However, if you have any female plants that produce red seed berries in the fall, those seed-producing stalks should be cut down before the seeds form. Female plants use their energy to produce seeds instead of to strengthen their crowns, which means fewer spears in the spring. You can purchase male plants or crowns to prevent this.
To protect your asparagus plants from damage from cold temperatures, mulch the bed with organic material such as compost, well-aged manure, straw or chopped leaves before freezing weather or snow hits your garden. This will not only keep the crowns from freezing but will also enrich the soil for good spring growth.
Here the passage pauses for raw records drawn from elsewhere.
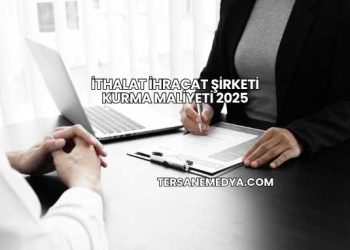 İthalat İhracat Şirketi Kurma Maliyeti 2025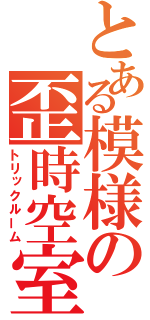 とある模様の歪時空室（トリックルーム）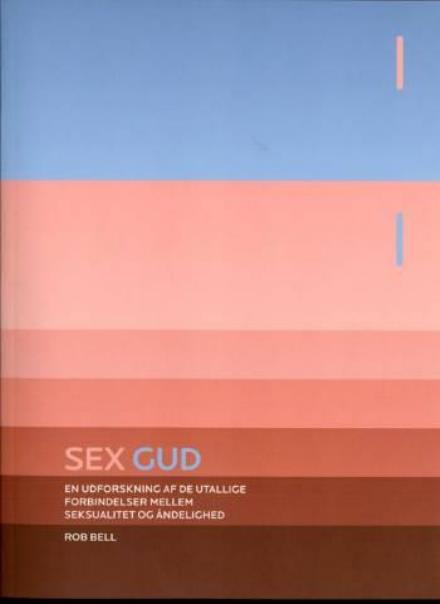 Cover for Rob Bell · Sex Gud (Sewn Spine Book) [1. wydanie] (2007)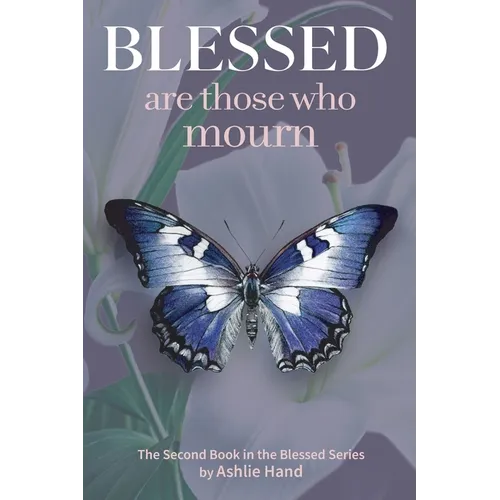 Blessed Are Those Who Mourn - Paperback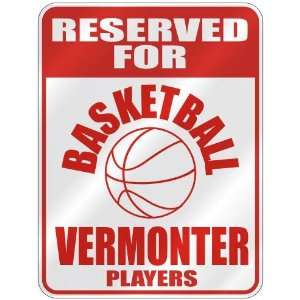 RESERVED FOR  B ASKETBALL VERMONTER PLAYERS  PARKING 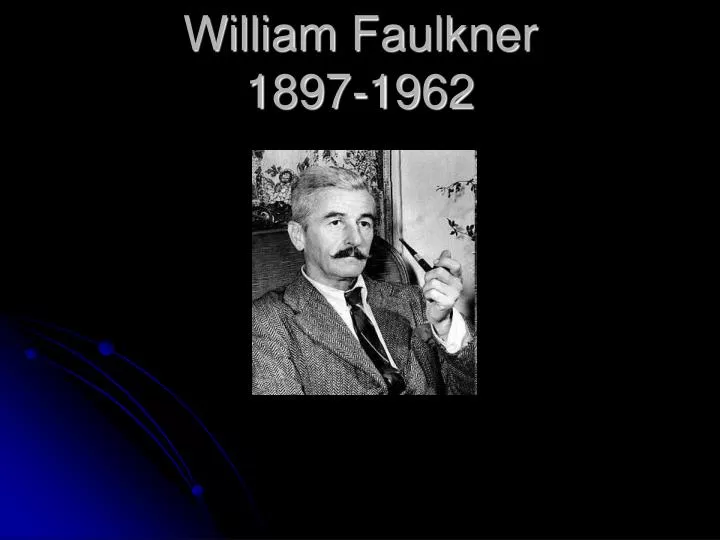 william faulkner 1897 1962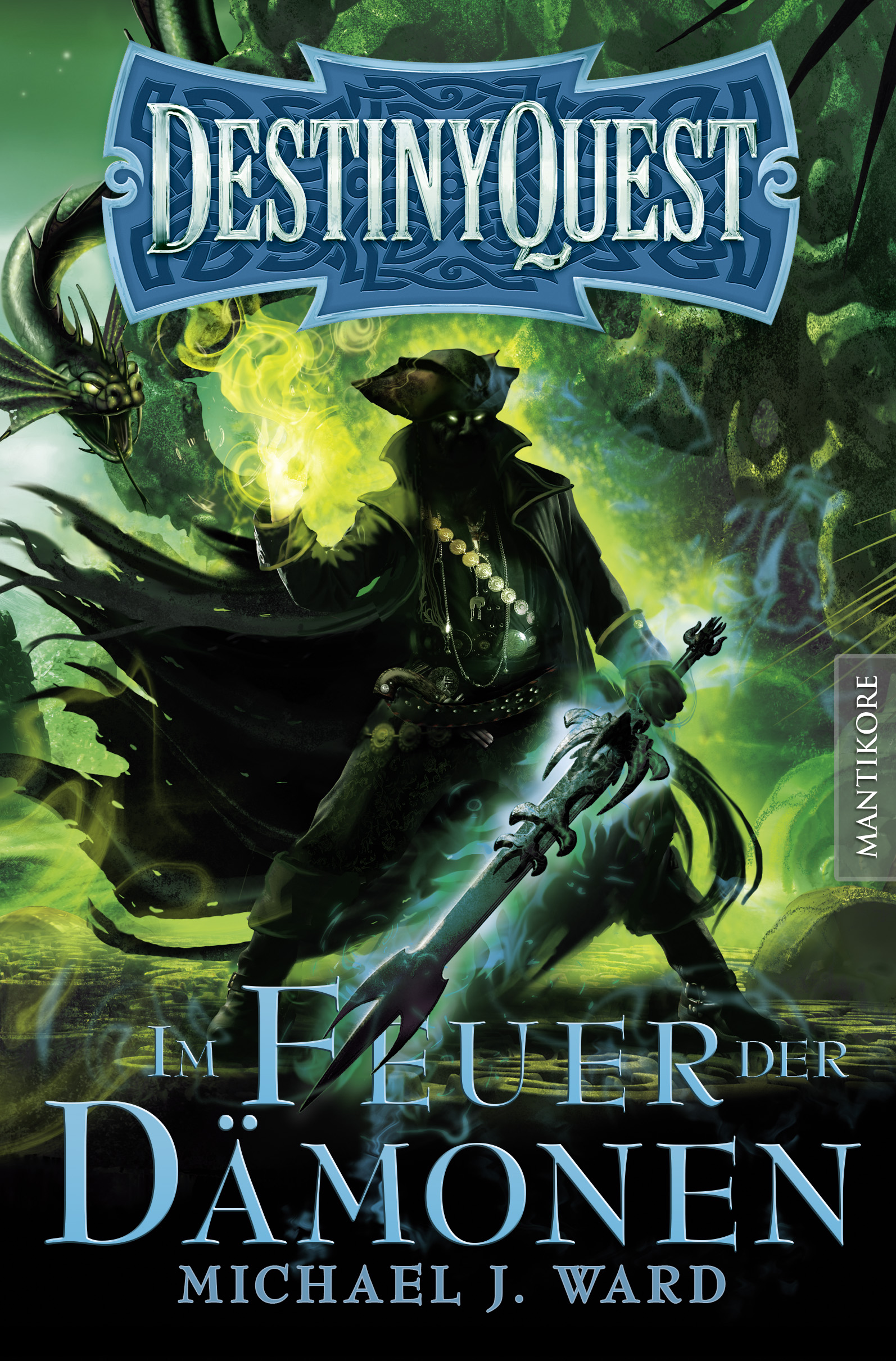 Destiny Quest Spielbuchreihe MantikoreVerlag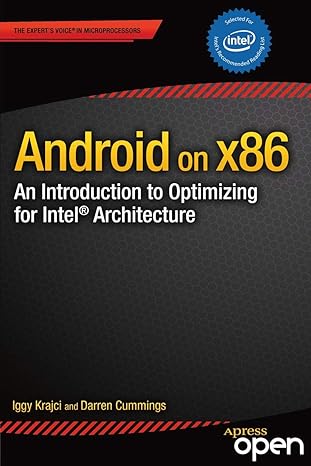 android on x86 an introduction to optimizing for intel architecture 1st edition iggy krajci ,darren cummings
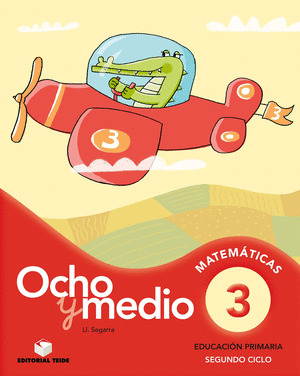 OCHO Y MEDIO 3. CUADERNO DE CÁLCULO. SEGUNDO CICLO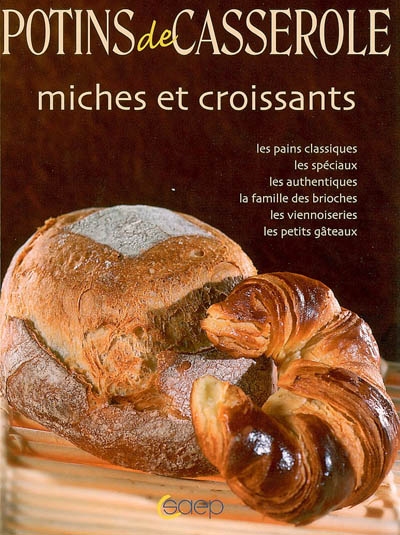 Miches et croissants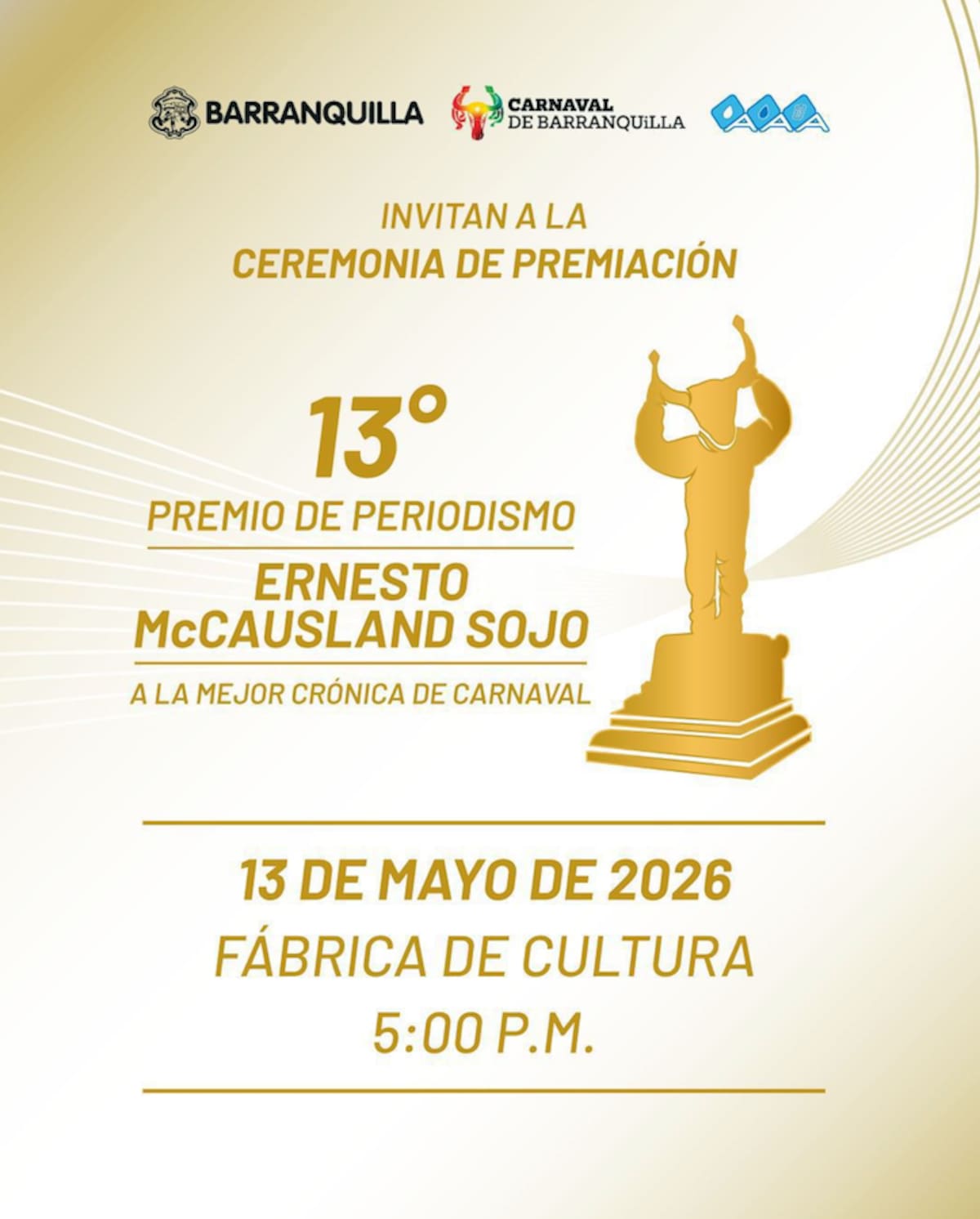 Afiche promocional de la 13ª edición del Premio de Periodismo Ernesto McCausland Sojo, que exaltará a las mejores crónicas del Carnaval de Barranquilla 2026.//El Universal.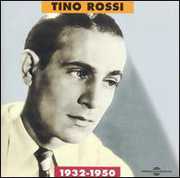 1932-1950 , Tino Rossi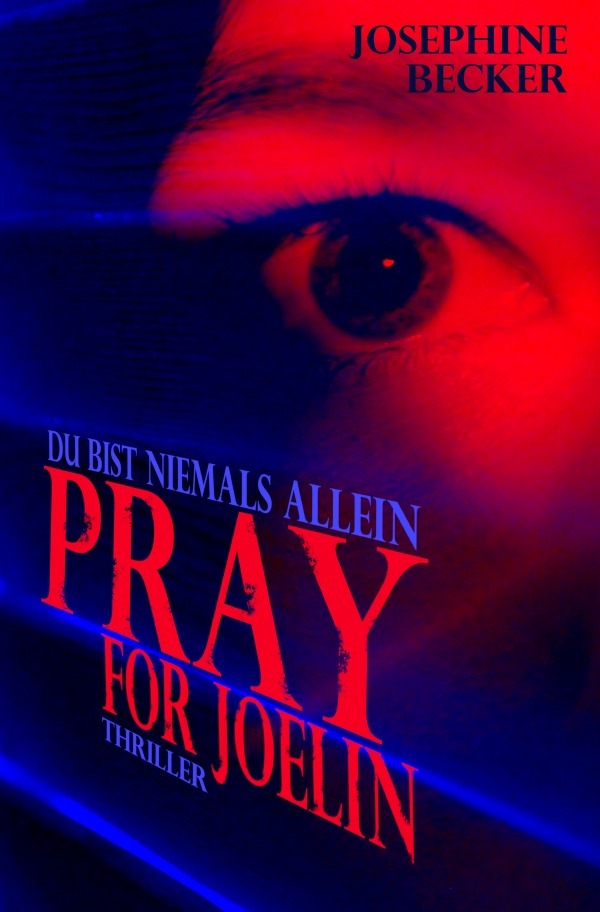 Cover: 9783819031885 | Pray for Joelin | Du bist niemals allein. DE | Josephine Becker | Buch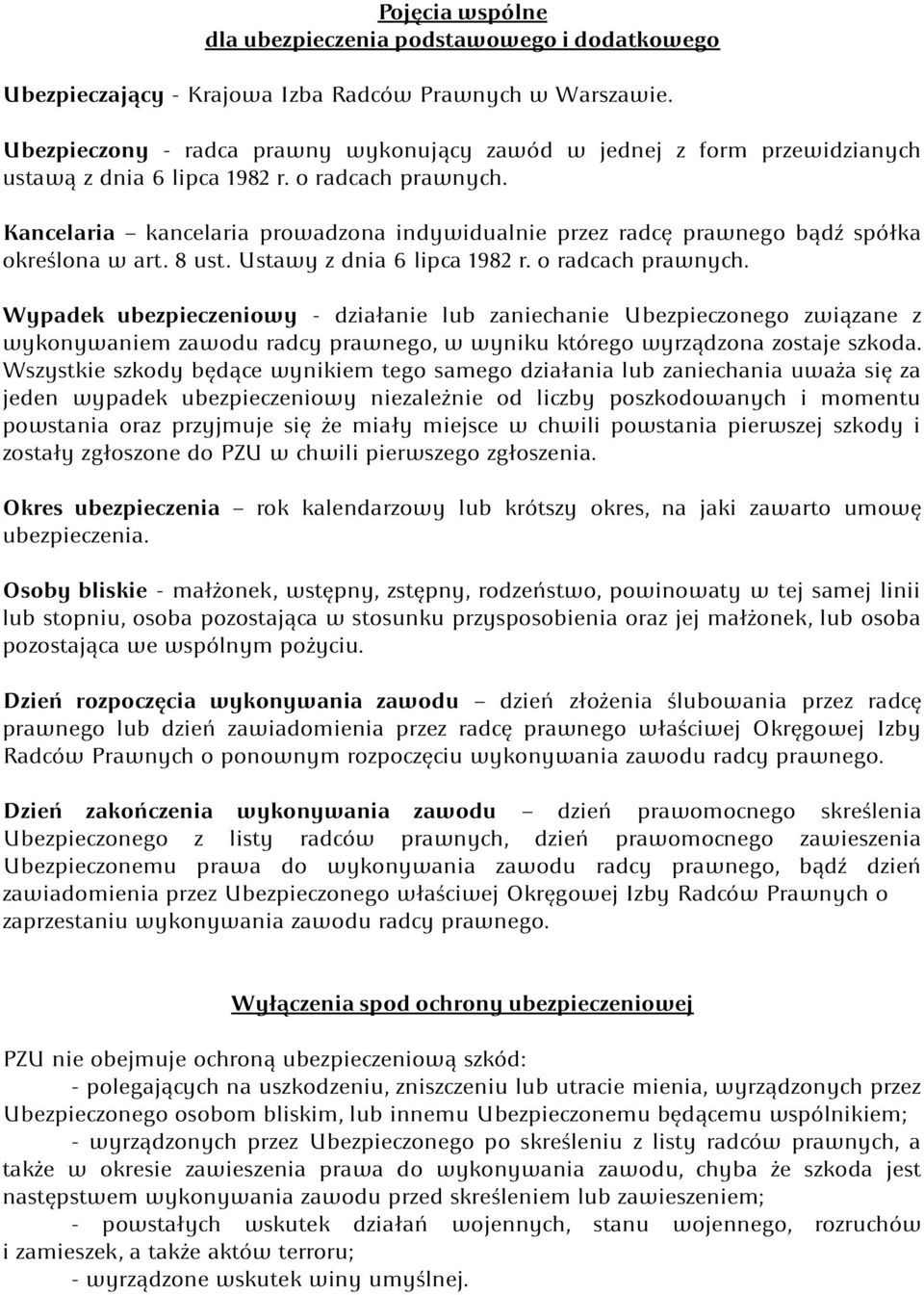 Kancelaria kancelaria prowadzona indywidualnie przez radcę prawnego bądź spółka określona w art. 8 ust. Ustawy z dnia 6 lipca 1982 r. o radcach prawnych.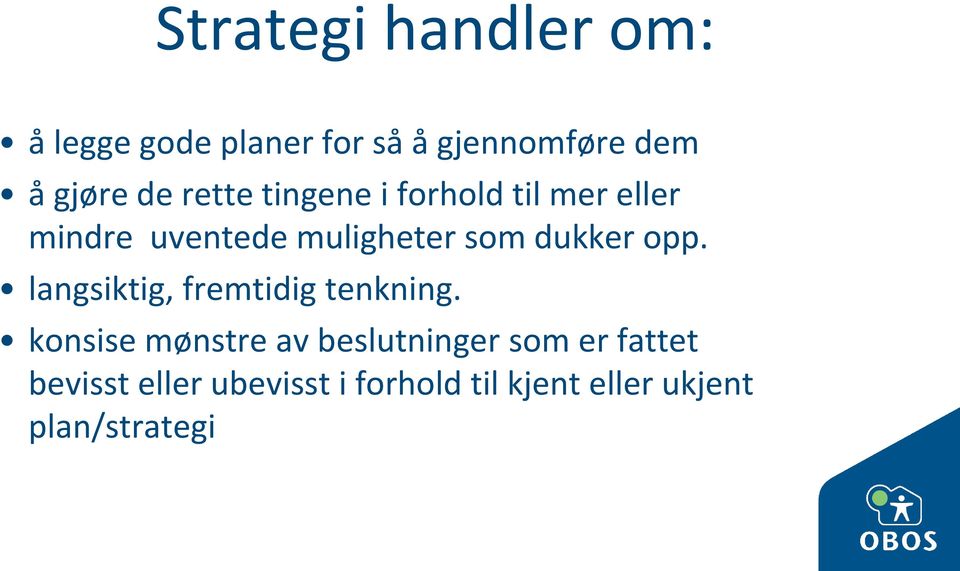 opp. langsiktig, fremtidig tenkning.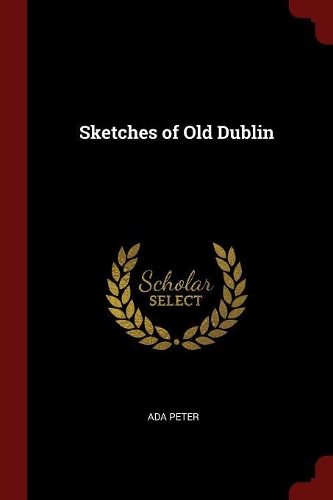 Sketches of Old Dublin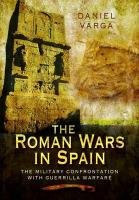 The Roman Wars in Spain Varga Daniel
In areas with heavy snow you can add up to six inches of mulch.
In spring the new spears will grow right up through the organic material; there is no need to remove the mulch you applied in the fall.
Walking onions are so named because they reproduce on their own, “walking” across the garden bed. The plants produce topset bulbils, usually three or four in a clump. The bulbils become so heavy in late summer that eventually the stalk will bend in half and fall over, with the bulbils resting on the ground where they form new plants.
Also called bunching or Egyptian onions, walking onions are very hardy perennials that require little maintenance and are very prolific. They will grow nearly everywhere, although they prefer full sun and fertile soil.
The bulbils can also be cut from the stalks and planted in a new location in the early fall. Plant them an inch deep and about a foot apart to give them plenty of room to reproduce in the future.
Before cold weather arrives, tuck an inch or so of straw or shredded leaves around your plants. Walking onions are very cold tolerant and should survive a harsh winter and be one of the first plants to come up in the spring.
Horseradish is a perennial plant from the mustard family. It’s a rugged plant that grows best in areas with a cold winter. It seems to handle winter weather well without much care.
In some areas horseradish grows so well it can be invasive and take over the garden. When you harvest this plant in the fall, remove as many of the roots as you can and only replant as many as you need for the next season. Don’t add the roots you’ve dug up to your compost pile to avoid spreading them all over your garden.
Perhaps because it’s used in pie, rhubarb is often thought of as a fruit, but it is actually a perennial vegetable. It has a deep root system and usually survives the winter without much care.
Rhubarb grows best in the colder zones. It needs an extended period of cold below 40°F to produce stems.
The first frost of the season will kill any leaves and stalks that are still on the plant. They will die off naturally and should be removed from the crown. This is a good time to weed the rhubarb patch and scratch up the soil a bit so it will be ready for spring.
After the ground freezes, mulch the plants with several inches of compost or leaves. In areas with severe cold temperatures, add an additional layer of straw.
A small investment of time in the fall will give you a harvest for many years in the future. The time you spend preparing your perennial vegetable plants for winter will be time well spent.